No! Lol. The word "retarded" can be offensive to some people.  
In the text there are some things which you missed, but not all of them are grammatically incorrect (probably), but rather they sound stupid.

----------


## Ramil

Once upon a time there was a man who had loved to go into fights. This was very bad for his health, however.  
My version:
One day he was in the bar talking to a sexy girl who happenned to have a boyfriend. That boyfriend of hers had attacked him by punching his ugly face shattering his nose instantly. He had to go to a hospital for many months to recover. 
Original:
One day he was in the bar and he was talking to a sexy girl but the girl had a boyfriend and the boyfriend (had?)attacked him and punched his ugly face.

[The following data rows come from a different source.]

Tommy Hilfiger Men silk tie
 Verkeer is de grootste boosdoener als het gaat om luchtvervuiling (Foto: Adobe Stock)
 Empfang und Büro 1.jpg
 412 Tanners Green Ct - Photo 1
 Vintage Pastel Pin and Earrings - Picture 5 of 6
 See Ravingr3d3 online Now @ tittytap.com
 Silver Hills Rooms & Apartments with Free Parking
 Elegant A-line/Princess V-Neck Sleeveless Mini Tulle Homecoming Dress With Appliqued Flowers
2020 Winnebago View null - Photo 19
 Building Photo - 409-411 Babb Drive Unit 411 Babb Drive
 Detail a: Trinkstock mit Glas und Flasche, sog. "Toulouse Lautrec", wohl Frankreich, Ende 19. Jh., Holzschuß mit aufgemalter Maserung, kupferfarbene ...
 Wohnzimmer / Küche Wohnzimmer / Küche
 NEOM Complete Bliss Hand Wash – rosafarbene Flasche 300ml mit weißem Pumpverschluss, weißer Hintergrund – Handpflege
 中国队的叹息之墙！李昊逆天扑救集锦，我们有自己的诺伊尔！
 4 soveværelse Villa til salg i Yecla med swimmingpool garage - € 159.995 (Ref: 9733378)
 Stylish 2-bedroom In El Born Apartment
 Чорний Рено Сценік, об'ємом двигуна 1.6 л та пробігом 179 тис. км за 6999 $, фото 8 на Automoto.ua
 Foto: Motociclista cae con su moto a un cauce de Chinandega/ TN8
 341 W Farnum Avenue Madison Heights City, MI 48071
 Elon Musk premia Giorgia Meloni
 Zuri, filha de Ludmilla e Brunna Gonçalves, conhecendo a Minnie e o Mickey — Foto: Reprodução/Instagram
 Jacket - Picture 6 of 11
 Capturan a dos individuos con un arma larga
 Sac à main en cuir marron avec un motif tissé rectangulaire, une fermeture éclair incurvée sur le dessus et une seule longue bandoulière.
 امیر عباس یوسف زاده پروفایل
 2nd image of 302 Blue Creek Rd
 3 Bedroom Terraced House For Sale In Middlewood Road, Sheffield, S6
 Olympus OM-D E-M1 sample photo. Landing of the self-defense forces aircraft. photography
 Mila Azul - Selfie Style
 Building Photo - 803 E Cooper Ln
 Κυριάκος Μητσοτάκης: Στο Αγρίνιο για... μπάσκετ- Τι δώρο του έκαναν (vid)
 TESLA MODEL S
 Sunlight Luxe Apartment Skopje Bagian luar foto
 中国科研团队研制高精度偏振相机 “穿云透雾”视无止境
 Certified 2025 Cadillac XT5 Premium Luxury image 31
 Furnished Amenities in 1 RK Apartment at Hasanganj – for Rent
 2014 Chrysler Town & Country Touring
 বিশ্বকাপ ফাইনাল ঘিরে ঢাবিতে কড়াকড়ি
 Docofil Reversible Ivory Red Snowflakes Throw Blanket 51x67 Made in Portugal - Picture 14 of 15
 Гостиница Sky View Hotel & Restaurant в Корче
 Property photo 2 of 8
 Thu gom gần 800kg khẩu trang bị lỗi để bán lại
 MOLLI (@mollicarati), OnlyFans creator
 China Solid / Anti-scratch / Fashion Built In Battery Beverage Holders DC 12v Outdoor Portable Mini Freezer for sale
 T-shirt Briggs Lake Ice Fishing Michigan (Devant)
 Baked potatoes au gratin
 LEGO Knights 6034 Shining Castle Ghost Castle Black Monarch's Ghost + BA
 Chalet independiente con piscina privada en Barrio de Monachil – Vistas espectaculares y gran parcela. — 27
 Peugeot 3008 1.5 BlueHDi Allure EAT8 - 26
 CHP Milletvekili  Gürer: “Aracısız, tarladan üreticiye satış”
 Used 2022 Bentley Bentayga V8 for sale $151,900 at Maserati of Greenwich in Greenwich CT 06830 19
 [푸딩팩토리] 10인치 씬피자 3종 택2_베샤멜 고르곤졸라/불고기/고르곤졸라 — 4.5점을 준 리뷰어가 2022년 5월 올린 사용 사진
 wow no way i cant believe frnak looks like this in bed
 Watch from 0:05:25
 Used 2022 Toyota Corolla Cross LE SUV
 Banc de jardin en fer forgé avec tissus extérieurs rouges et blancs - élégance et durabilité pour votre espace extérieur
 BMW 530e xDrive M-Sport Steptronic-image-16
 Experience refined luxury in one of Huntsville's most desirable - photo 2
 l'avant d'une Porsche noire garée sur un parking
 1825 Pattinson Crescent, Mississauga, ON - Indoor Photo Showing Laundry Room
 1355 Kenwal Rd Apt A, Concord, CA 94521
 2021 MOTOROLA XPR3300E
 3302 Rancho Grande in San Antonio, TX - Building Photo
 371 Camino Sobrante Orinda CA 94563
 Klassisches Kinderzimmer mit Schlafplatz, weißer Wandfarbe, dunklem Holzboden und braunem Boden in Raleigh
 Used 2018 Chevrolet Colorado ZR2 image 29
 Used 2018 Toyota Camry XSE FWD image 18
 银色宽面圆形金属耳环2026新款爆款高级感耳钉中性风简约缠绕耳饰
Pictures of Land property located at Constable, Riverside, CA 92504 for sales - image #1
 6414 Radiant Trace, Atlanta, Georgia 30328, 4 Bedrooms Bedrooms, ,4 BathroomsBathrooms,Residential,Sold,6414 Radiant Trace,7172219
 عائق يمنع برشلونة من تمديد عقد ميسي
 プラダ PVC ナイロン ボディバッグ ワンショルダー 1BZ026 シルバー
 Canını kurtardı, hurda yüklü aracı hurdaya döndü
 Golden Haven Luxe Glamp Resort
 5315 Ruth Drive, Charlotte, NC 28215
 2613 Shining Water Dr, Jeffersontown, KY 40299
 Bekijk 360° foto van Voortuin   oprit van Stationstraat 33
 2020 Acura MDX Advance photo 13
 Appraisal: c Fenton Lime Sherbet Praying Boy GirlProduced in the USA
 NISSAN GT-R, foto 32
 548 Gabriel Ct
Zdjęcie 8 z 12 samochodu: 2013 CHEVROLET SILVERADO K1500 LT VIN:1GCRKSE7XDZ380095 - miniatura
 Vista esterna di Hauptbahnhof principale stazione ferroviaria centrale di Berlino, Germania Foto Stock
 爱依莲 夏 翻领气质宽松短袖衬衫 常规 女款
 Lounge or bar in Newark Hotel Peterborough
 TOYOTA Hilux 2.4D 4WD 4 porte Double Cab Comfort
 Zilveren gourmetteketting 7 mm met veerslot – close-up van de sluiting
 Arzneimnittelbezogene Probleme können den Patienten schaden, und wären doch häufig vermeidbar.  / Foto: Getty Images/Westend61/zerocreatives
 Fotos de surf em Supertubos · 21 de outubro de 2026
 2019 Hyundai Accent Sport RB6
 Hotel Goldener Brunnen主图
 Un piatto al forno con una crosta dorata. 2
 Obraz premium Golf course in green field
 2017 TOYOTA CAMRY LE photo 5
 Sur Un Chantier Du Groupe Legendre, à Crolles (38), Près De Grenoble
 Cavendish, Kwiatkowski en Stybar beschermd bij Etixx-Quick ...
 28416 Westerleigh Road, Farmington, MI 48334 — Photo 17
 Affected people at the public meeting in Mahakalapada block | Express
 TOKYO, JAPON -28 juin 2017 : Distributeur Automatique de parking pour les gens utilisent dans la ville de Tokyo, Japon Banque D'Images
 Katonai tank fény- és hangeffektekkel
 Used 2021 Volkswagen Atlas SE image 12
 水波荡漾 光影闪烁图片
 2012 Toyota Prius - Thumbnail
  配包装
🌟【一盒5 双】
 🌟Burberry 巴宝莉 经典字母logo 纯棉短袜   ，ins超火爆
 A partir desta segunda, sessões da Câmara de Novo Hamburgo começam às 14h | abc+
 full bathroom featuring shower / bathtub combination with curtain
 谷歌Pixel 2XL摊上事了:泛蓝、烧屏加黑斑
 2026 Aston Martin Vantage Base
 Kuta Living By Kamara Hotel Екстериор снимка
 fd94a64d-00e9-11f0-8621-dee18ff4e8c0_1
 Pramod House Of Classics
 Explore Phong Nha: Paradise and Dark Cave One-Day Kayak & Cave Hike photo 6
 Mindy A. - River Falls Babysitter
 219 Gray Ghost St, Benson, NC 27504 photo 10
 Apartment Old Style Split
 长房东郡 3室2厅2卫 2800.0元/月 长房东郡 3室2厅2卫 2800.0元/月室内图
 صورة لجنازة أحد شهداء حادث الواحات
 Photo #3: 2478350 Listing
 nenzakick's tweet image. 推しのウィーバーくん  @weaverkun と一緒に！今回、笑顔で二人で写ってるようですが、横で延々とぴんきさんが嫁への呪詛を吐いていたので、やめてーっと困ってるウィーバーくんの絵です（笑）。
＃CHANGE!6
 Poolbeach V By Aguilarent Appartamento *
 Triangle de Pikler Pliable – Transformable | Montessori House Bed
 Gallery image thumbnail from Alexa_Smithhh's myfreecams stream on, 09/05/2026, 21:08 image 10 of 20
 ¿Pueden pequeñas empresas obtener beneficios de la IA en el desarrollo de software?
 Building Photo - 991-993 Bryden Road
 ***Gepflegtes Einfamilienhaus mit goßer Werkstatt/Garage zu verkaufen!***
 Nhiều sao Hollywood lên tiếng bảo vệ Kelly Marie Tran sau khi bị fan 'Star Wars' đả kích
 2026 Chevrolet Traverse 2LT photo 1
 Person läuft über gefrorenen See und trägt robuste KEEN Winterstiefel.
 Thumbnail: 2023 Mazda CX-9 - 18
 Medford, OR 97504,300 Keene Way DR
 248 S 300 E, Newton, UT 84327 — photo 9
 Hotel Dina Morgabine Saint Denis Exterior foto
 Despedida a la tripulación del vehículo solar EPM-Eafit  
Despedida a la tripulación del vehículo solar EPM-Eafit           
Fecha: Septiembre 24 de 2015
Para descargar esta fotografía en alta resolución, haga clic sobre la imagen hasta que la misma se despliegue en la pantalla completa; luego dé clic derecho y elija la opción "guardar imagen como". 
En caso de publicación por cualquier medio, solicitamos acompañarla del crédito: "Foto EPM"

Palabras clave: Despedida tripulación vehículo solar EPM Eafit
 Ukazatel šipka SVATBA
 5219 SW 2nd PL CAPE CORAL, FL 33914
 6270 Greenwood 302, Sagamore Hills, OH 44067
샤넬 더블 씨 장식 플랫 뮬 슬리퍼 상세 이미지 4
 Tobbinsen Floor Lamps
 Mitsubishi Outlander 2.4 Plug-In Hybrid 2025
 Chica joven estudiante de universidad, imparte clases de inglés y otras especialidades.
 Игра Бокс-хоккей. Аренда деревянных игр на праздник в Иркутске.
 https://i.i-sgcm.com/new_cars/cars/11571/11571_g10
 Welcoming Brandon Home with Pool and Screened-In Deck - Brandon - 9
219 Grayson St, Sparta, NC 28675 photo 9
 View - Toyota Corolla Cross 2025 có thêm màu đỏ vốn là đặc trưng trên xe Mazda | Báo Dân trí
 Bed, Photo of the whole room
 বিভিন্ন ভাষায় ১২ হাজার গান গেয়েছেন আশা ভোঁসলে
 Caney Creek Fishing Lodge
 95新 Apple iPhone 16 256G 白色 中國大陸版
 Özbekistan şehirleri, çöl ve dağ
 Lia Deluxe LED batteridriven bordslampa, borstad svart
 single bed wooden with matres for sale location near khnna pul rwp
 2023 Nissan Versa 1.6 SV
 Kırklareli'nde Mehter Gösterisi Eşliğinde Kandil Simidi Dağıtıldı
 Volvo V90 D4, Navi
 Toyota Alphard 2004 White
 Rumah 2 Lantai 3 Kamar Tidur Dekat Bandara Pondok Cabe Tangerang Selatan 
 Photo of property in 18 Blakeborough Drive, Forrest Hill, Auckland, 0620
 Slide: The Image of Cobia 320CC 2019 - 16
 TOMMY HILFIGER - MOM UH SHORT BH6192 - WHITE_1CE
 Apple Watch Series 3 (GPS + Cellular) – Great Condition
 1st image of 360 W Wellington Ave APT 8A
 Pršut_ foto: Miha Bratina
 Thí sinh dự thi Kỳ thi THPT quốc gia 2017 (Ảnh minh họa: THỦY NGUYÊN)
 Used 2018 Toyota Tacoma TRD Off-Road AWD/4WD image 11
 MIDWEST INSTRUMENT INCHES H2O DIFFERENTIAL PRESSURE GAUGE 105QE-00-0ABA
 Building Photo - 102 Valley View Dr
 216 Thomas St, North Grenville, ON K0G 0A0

His nose was shattering instantly and to him it was necessary to go to hospital for many months for that, in order to recover. 
How is that?

----------


## Chuvak

All right!!! on behalf of myself let me write a text which I invented and which contains at least 10 mistakes  
Вчера вечером я пошел на магазин и видел там человека, которая меня вчера обманул. Я решил его проучить и подойдя поближе, ударял кулаком в лицо со словами "Получи скотина, еще хочешь, а?" Но он оказывался тоже не промах - быстро придя на себя после своего удара, он схватил меня за руку и повалил на пол. Тут в магазин приходила полиция, которая немедленно среагировав задерживала нас обоих и доставляла в отделение. Я получил 15 суток а мой коллега по несчастью предстал перед судом на то, что обманул меня! 
(10 errors)!!!

----------


## basurero

Here is what I had in mind at the beginning.   

> Once upon a time there was a man who xx loved to get into fights. This was very bad for his health, however.  
> One day he was in the bar xxx talking to a sexy girl but the girl had a boyfriend and the boyfriend attacked him and punched his ugly face. His nose was shattered instantly and he had to go to the hospital for many months for xx to recover. 
> How is that?

 Now your version.   

> My version:
> One day he was in the bar talking to a sexy girl who happenned to have a boyfriend. That boyfriend of hers xxx attacked him by punching his ugly face, shattering his nose instantly. He had to go to the hospital for many months to recover.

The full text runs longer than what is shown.